Major ironic fact about Japan #2 (#1 was the train suicides): There are no trash cans ANYWHERE except the places stated above yet there is no litter. It blows my mind. I often find myself stuffing trash in bag and waiting until I pass a conbini, because I know there won't be a trash can anytime soon. I think the major difference is that here it's considered rude to eat while you are walking, so there are less people eating McDonald's while walking to school and throwing their trash on your lawn (that's for you Burroughs High School students, we really appreciate it). If you don't have trash, you won't have anything to litter with...

Major ironic fact about Japan #3: Japan is home to the most innovative, most over-the-top toilets YET at least half of the bathrooms will have a western style toilet and a traditional, smelly, dirty, gross, hurts your knees hole-in-the-ground toilet. I don't understand. And it's not like people always choose the western style first either, there are people out there who prefer squatting. Granted not all wester toilets have heated seats and different functions, some are as plain as in the US, but still.... you're not doing your business in a hole in the ground... And they ALWAYS smell, even if it looks clean, it's going to smell terrible, guaranteed . This isn't just in little restaurants or the like either, this in the lobby of a pretty nice hotel, or a pretty new shopping center. Blows my mind.

Golden Week:
Urawa Reds Soccer game: Awesome. The game was great, our seats were great, even though they were the nosebleeds I still felt close. Ryu's senpai from his club team, a 17 year old, number 24, played which was cool. I bought a sweet Abe shirt in youth large so it was cheaper, and a fake Torres jersey outside for $10. Reds scored in stoppage time in the second half to win the game. Legit. I can't wait until the next one.

Yokohama Matsuri: Spent a ridiculous amount of time and money getting to Yokohama, only to get lost and miss all the fun things at the festival, yet got to enjoy the crowds.... But I ate some good food, enjoyed the slightly humid, breezy weather, saw the water, and admired the second largest city in Japan.
Sidenote: On the train from Tokyo to Yokohama we saw this guy on the train wearing a nice suit and carrying a heavy duty silver, locked briefcase. He was holding onto the overhead handles and we noticed the edge of tattoos showing from under his shirt sleeves, which probably
means his entire body was covered, thus Yakuza. We had our resident Yakuza expert (my friend Matt has done a few research projects on the Yakuza) with us, who informed us that the entire body was covered except a center line. The tattoos are meant to represent armor, because when the Yakuza started in the Tokugawa era, they were ronin (masterless samurai) who banned together to protect peasants. Fascinating. The real question is though, what was in his briefcase?

Thursday, April 30, 2009

Today I went on a "date" with Ann and her friend. We went to Wakaba Walk, which is a mall. We got ぴりくら (pirikura)- which are pictures taken in a booth and then decorated and printed onto stickers. We have similar things at home, but it's intensely popular here. I think I went 3 times in the first 2 weeks I was here, so it's been awhile. It was fun. Middle/ High school aged girls have little books designated for the collection of pirikura stickers.

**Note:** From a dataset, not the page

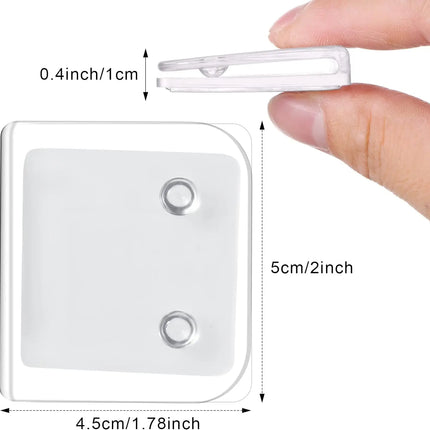 Curtain Clips Set of 2/4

So at the mall, I was astonished by the number of preteen girls dressing like they're in their late teens/twenties; high heels, fancy clothes, big purses. And it was obvious they were not accustomed to wearing heels because they wobbled and stumbled and just looked awkward.

The movie Ann wanted to see wasnt playing so we saw Shinchan- which is for kids younger than Ann and Mika. Every kid got a kazoo... whoseever idea that was was out of their minds. These kids have never seen kazoo's before, so giving it to them resulted in headaches for me and all of the parents around. The movie was pretty funny. I didn't get the details because it was in Japanese, but basically this environmentally crazy guy and his cult enter town and people get turned into animals and this little boy and his friends save the day. I'm not sure why everyone turned into animals or how the 2 bad guys involved (who were also enemies) made up and turned good, but it was entertaining and I got the gist of it.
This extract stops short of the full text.